Yes. Yes it was. Google “fake acorn video.”

It’s not speculation, it’s verified.

VERIFIED.

The editing was done completely out of context.

 
 
 
Comment by howiewowie
2010-12-28 17:41:51

Breaking News!!

Republican president resigns over ties to Watergate break-in.

Should have disbanded the Executive Branch after that one.

 
 
 
Comment by Hwy50ina49Dodge
2010-12-28 08:31:35

‘…There is an old joke that economists only make predictions so that the weather guys have someone to laugh at.” ;-)

Hedge Funds Crash, Apple Turns Uncool in 2011: Matthew Lynn
Bloomberg

No. 8. Iceland teaches the world a lesson. Two years ago, every government in the world bought into the idea that you had to bail out your banks. If they collapsed, you would go straight back to the Stone Age. One country defied the consensus. Iceland couldn’t afford to keep its banks going. What happened?

Comment by measton
2010-12-28 10:08:01

I’d like to invest in Iceland. They deserve a prize.

Of note the people stood up to the banks and won. They had politicians that sided with the people.

Comment by ecofeco
2010-12-28 15:20:11

IIRC, they had to throw a few out before this happened.

 
 
 
Comment by exeter
2010-12-28 09:00:30
 
Comment by exeter
 
Comment by Hwy50ina49Dodge
2010-12-28 09:11:02

CHINA, ECONOMY, FUN WITH STATISTICS! SOURCE: Harper’s Index

“Yeah, About That Whole “China is the Second-Largest Economy in the World” Thing…”:
By Justin Rohrlich December 28, 2010

“Remember back in August, when the headlines were filled with breathless announcements that China had surpassed Japan to become the second-largest economy in the world?

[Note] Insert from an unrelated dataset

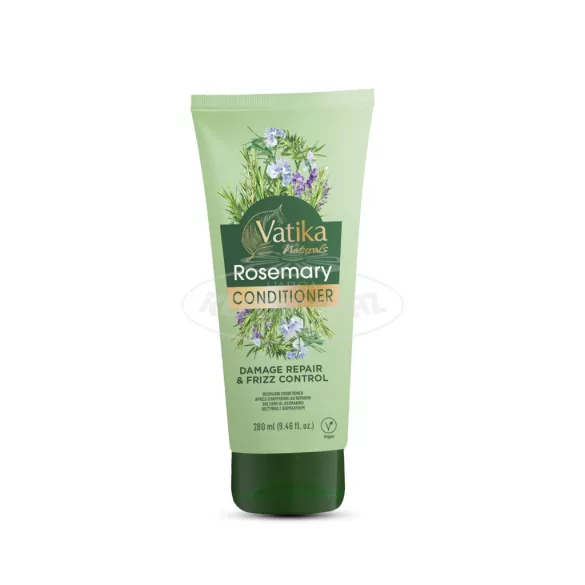 Dabur Vatika Naturals Rozmaringos Hajbalzsam 280ml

So do I. And, yes it did. By GDP.

This month’s Harper’s Index reminds us of the difference between GDP and GDP on a per-capita basis:

Global rank of China’s economy in 2010, measured by GDP: 2

Rank if GDP is calculated on a per-capita basis: 94

On the afternoon of August 16th, when the announcement was made, Mark Perry, the well-known University of Michigan economist, pointed out on his Carpe Diem blog that, although China now ranked #2 as per GDP, “it ranks #102 [on a per-capita basis] according to the CIA, #99 according to the IMF, and #92 according to the World Bank. In fact, on a per-capita basis in 2009, China ranked behind Namibia, Jamaica, Belize, Thailand, El Salvador, and Albania. And the last time the U.S. had per-capita GDP of $6,567 was back in 1932.”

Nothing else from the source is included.